Unos días después, era el aniversario de la muerte de mi madre.
Esperé a Javier todo el día para ir juntos al cementerio.
No apareció.
Sus llamadas iban directamente al buzón de voz.
Desesperada, llamé al teléfono de la casa que compartía con Mateo.
Contestó una voz de mujer, melosa y extraña. Era la madre de Isabela, la señora Gámez.
"¿Diga? Ah, Sofía, querida. Javier no puede ponerse. Estamos en medio de una cena muy importante".
Podía oír risas de fondo. La voz de mi hermano entre ellas.
"¿Una cena?", repetí, incrédula.
"Sí, celebramos el premio de Isabela. ¡Estamos tan orgullosos! Javier ha sido un gran apoyo para ella", dijo, su voz goteaba una falsa dulzura.
Colgué.
Sin decir una palabra más, bloqueé su número.
Luego, bloqueé el de Javier.
Fui sola al cementerio. La lluvia fina caía sobre la lápida de mármol.
"Mamá", susurré, "lo siento. He fallado en proteger lo que me dejaste. Pero te juro que no me rendiré".

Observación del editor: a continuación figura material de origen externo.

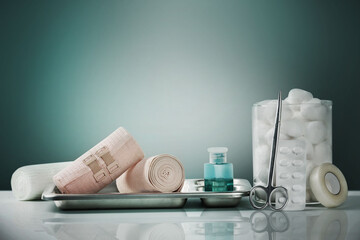 First aid medical kit and emergency supplies on a white surface with green studio background. Healthcare, safety, and emergency preparedness concept for clinics, hospitals, and home care.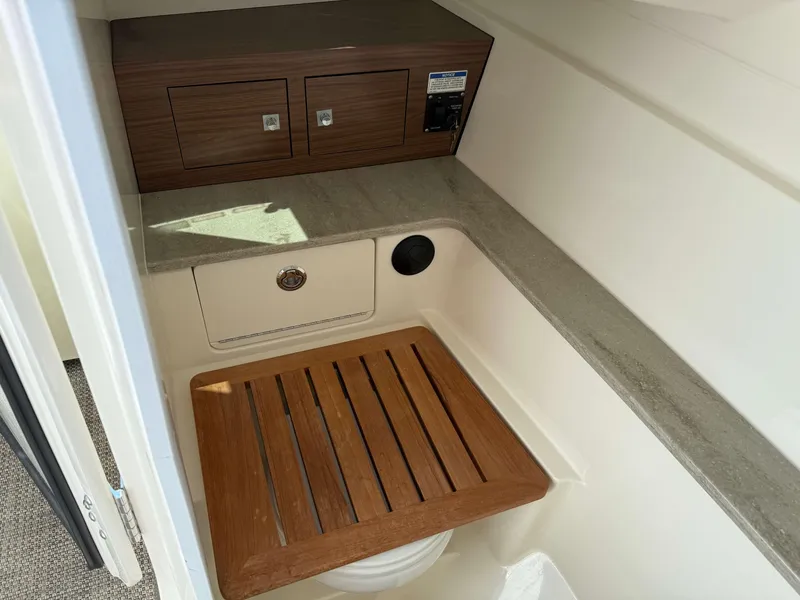 Slide: The Image of Interior of 2017 Boston Whaler 320 Vantage boat with wooden seat and storage. - 34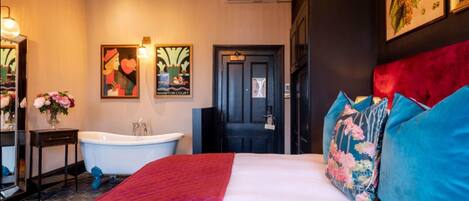 Ein Hotelzimmer mit einem großen Bett, einer roten gesteppten Bettdecke, einer weißen Wand, einer schwarzen Tür, einer weißen Badewanne und einem Spiegel mit einer Blumenvase.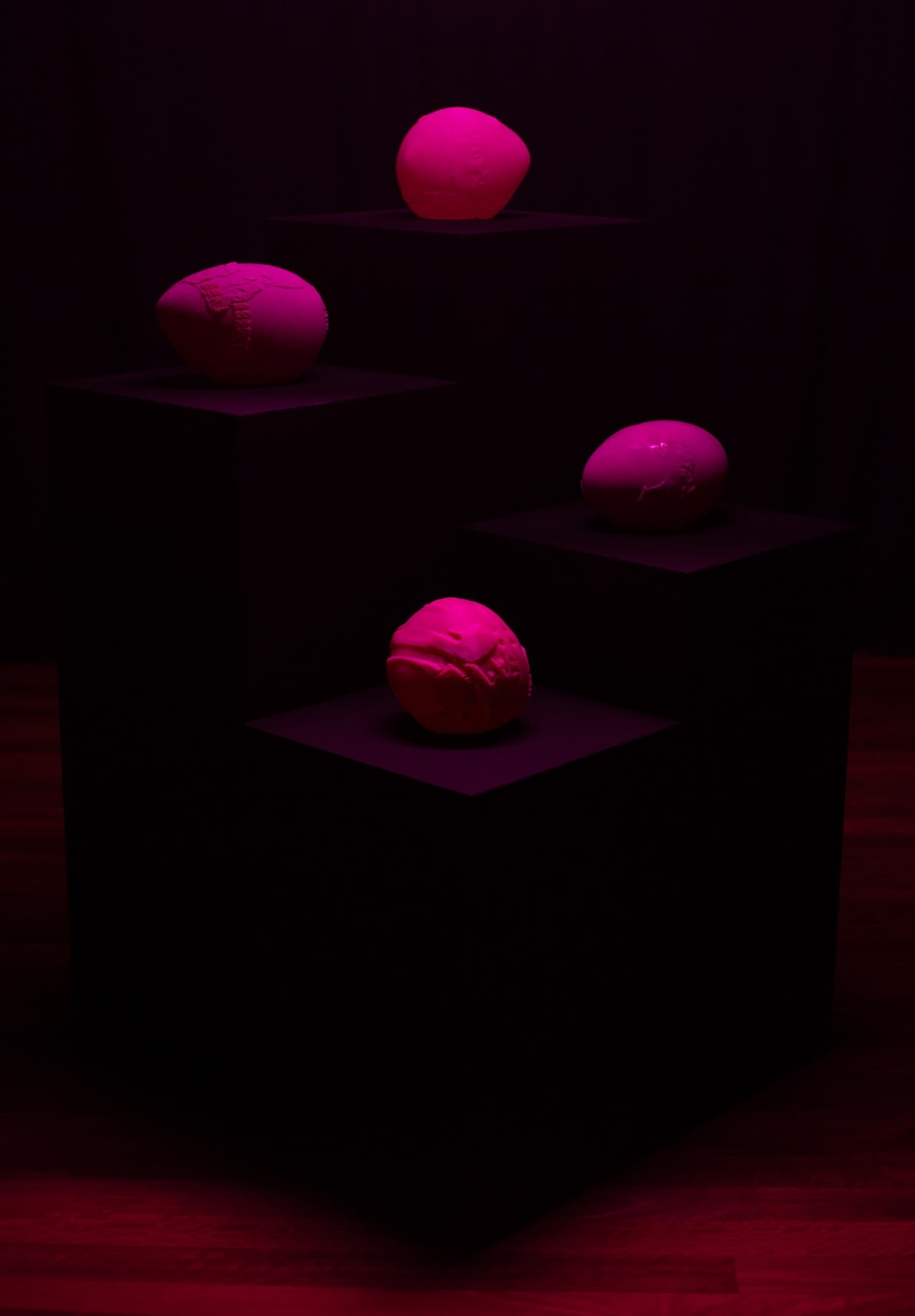 A darkly lit room, with woodeen floor boards and black curtains with four black plinths of different heights centered in the middle with four different bright pink blobs centered on each plinth. Each of the blobs have distored images of faces and Chinese karaoke characters.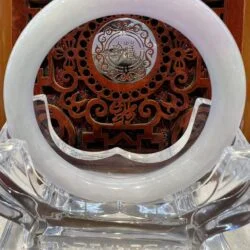 A white clock sitting on top of a glass table.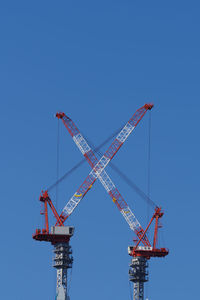 Low angle view of crane against clear blue sky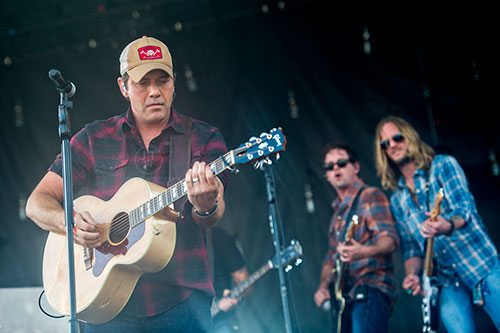 Rodney Atkins (left) performs during the Shaky Boots Music Festival at Kennesaw State University on Sunday, May 17, 2015. 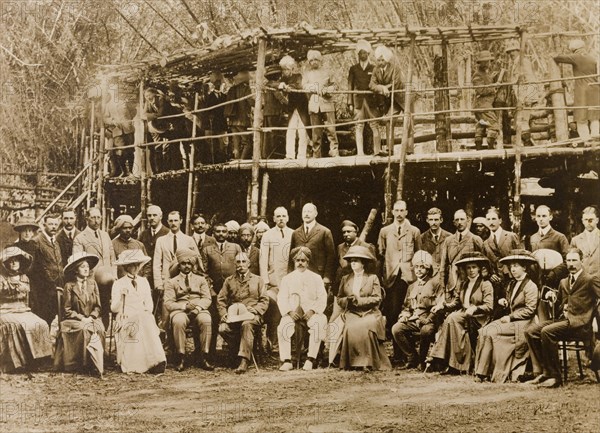 The Maharajah's hunting party. The Maharajah of Mysore (Krishna Raja Wadiyar IV, 1884-1940) and his guests, Lord and Lady Minto, pose for a group portrait at a hunting camp in the Kakankota Forests. Karnataka, India, 1909., Karnataka, India, Southern Asia, Asia.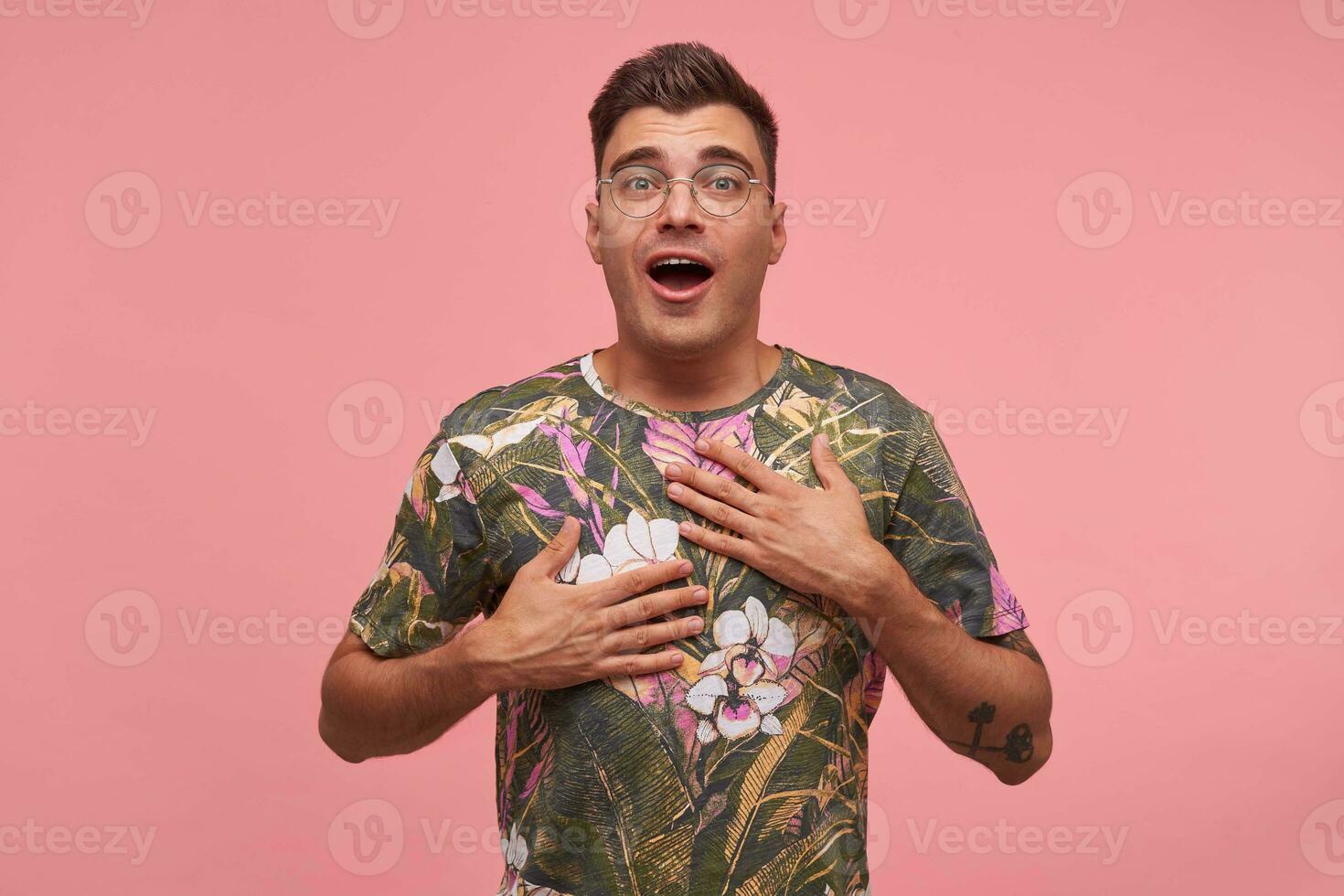 atractivo de pelo corto joven hombre con palmas en su cofre en pie terminado rosado fondo, vistiendo de flores camiseta y anteojos, mirando a cámara sorprendido foto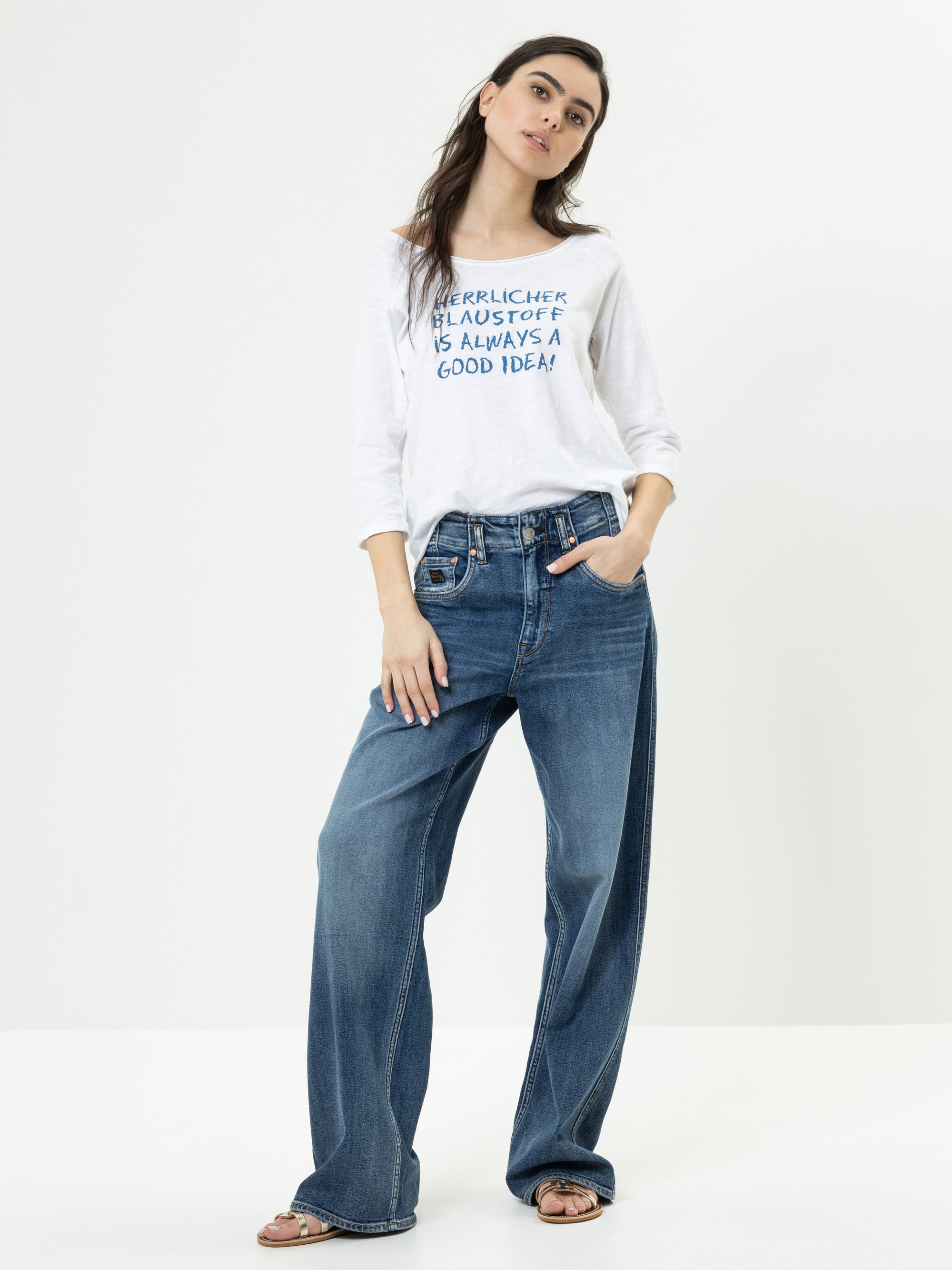 Eine Frau steht vor einem weißen Hintergrund und trägt ein weißes, langärmeliges Hemd mit blauem Text, blaue, weit geschnittene Jeans und Sandalen. Sie posiert mit einer Hand in der Tasche und einem entspannten Gesichtsausdruck.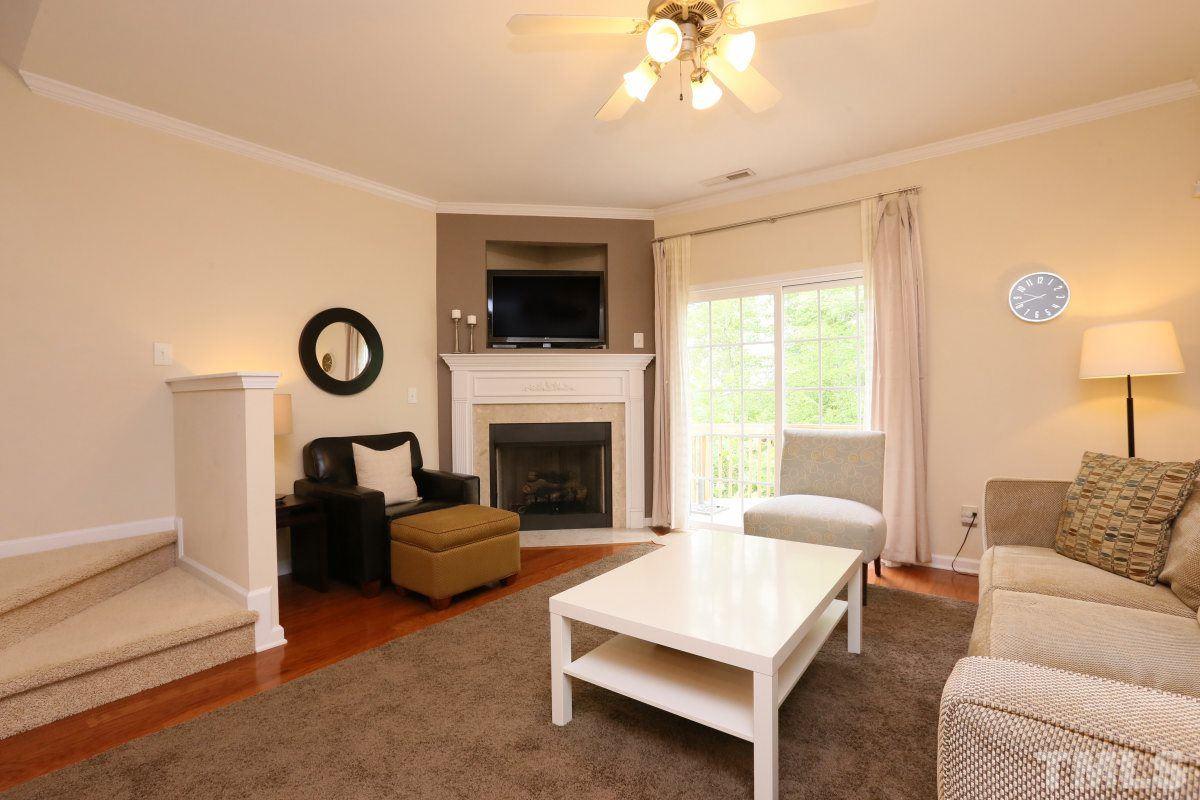 226 Cedar Elm Road Durham, NC 27713 - Photo 10 of 25 a living room with furniture a fireplace and a flat screen tv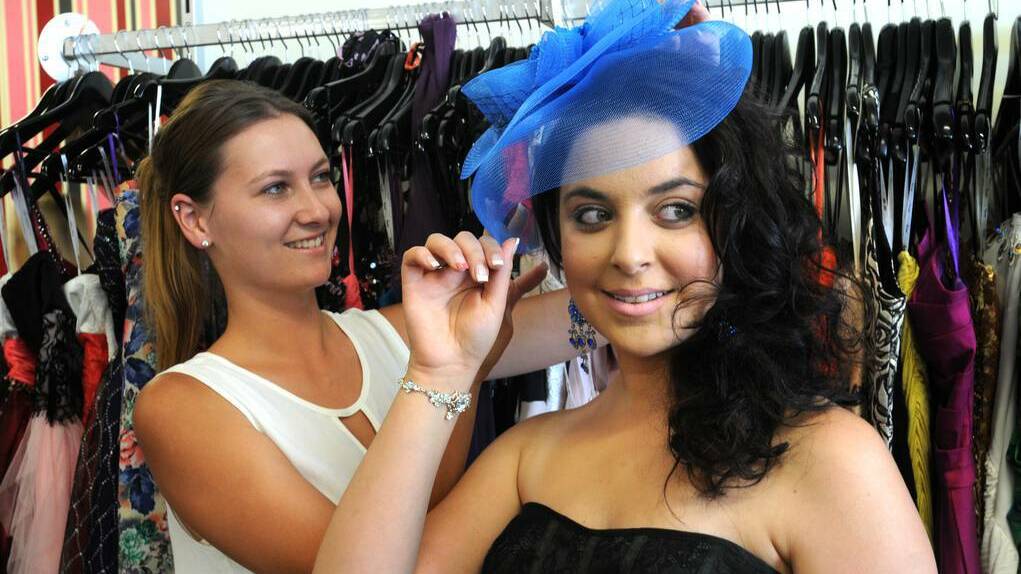 CENTRAL WESTERN DAILY (Orange) - Photo stylist Melise Coleman helps Dianne Taouk get ready for the Orange Picnic Races. Photo: STEVE GOSCH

Mi determinación se sentía como acero frío en mi interior.
Al día siguiente, la noticia del premio de Isabela estaba en todos los periódicos locales.
Un premio de diseño por las nuevas etiquetas de vino de nuestra bodega.
Reconocí los bocetos al instante.
Eran míos.
Los había dibujado meses atrás, inspirada en los cuadernos de mi madre. Se los había enseñado a Javier, ilusionada.
Él se los había dado a ella.
Fui directamente a la bodega. Estaban allí, celebrando con champán.
Me planté delante de Isabela.
"Ese diseño es mío".
Ella palideció.
"No sé de qué hablas...".
Levanté la mano para abofetearla, para arrancarle esa máscara de inocencia.
Pero Mateo fue más rápido.
Me agarró del brazo y me empujó con fuerza.
Caí al suelo, el impacto me dejó sin aire.
Él se interpuso entre nosotras, un león protegiendo a su cachorro.